## [Task to carry out]
Where a line of the entries below includes the string "Yellow", count it. Give only the resulting number.
----- Supplied records -----
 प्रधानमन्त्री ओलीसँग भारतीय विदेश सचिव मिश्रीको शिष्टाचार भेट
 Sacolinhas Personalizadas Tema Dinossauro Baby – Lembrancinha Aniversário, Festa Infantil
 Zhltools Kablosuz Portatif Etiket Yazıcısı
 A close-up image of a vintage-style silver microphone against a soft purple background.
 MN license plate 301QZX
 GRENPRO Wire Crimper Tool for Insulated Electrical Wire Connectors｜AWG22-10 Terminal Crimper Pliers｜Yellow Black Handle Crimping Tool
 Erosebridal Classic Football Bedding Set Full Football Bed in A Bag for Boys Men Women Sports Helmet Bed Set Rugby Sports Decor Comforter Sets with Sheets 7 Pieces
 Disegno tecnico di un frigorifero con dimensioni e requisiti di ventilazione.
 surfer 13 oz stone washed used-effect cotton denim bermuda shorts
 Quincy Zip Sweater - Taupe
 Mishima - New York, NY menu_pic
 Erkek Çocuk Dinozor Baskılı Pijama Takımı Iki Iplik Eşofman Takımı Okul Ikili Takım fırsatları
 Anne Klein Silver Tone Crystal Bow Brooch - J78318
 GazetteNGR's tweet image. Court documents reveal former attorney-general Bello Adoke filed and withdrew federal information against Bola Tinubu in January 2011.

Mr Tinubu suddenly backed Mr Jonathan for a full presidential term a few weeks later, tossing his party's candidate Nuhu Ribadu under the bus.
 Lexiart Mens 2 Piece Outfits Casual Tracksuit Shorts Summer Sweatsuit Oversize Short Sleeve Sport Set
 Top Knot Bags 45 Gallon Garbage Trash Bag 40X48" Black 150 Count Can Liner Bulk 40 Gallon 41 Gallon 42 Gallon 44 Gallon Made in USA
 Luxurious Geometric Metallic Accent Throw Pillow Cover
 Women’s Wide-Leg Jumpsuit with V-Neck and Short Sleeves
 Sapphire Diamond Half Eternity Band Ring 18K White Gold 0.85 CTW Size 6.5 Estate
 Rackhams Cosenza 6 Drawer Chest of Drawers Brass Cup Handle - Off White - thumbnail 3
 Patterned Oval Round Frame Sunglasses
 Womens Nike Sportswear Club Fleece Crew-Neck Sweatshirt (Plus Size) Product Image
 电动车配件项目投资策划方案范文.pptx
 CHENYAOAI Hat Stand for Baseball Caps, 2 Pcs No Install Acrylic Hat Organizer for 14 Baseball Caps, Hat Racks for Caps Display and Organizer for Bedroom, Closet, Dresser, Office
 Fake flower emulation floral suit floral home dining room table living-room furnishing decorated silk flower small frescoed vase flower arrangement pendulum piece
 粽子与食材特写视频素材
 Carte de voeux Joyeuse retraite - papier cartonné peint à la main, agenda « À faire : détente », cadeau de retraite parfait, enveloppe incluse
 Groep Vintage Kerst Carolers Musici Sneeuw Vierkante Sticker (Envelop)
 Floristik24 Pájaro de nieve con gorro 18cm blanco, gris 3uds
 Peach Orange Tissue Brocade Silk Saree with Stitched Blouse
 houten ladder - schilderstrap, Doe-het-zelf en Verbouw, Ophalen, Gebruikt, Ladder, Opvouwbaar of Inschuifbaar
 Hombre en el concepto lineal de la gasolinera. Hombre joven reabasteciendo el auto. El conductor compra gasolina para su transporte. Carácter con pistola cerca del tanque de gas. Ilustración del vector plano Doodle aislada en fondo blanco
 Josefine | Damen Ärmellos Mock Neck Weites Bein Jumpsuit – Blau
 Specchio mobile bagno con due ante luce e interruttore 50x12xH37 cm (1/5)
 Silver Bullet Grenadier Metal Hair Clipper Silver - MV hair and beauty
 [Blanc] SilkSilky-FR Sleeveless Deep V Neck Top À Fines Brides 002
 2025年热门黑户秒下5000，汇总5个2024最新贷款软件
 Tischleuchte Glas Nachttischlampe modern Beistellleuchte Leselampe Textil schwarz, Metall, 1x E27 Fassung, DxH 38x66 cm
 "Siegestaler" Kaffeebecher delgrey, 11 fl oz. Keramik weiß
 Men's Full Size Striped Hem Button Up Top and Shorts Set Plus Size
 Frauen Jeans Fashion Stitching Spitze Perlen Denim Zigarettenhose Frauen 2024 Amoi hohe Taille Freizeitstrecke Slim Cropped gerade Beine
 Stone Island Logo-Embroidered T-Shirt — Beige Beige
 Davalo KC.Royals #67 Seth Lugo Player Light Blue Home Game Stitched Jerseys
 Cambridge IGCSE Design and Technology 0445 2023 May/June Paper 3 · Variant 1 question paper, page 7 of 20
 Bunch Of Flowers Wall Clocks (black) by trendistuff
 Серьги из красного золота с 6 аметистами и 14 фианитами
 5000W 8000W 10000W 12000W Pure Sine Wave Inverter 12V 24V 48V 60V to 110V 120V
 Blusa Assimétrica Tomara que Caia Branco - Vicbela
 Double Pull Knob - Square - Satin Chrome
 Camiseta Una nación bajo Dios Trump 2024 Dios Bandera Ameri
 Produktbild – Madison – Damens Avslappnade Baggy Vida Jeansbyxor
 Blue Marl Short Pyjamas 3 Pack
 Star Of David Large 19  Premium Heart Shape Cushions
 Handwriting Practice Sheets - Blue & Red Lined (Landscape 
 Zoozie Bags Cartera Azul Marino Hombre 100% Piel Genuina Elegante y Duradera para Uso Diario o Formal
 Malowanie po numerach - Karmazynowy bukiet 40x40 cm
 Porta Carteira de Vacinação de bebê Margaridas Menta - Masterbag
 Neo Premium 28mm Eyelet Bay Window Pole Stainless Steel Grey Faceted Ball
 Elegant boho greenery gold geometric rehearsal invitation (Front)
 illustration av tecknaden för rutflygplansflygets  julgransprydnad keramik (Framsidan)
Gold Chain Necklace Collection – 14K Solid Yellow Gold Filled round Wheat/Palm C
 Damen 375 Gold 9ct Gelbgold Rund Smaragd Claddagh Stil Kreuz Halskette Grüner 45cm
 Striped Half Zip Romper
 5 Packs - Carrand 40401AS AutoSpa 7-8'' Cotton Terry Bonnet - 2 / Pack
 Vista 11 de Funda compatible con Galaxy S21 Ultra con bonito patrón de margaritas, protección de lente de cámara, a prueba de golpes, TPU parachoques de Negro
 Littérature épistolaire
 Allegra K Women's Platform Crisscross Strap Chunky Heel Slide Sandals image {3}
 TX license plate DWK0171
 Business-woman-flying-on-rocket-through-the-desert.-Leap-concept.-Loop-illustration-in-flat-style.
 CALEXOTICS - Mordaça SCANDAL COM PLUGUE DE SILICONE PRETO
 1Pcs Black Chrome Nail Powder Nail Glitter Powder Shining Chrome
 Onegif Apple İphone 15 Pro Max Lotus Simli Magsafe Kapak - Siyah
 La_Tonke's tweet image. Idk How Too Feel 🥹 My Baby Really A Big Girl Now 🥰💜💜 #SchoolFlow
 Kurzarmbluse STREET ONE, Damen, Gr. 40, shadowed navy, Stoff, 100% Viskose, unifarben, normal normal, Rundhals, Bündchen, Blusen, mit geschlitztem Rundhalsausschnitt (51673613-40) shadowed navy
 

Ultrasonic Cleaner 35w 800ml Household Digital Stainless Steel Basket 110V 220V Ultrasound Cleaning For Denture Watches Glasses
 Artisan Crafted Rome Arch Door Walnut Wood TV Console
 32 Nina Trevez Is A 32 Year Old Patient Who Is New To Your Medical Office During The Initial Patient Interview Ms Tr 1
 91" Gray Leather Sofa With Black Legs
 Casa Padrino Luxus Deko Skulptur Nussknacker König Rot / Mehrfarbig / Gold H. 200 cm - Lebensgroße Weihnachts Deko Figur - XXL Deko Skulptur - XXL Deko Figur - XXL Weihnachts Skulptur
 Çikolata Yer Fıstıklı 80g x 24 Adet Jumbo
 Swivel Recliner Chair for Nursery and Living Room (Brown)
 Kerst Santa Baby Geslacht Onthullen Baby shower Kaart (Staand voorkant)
-----
## [Answer area]
2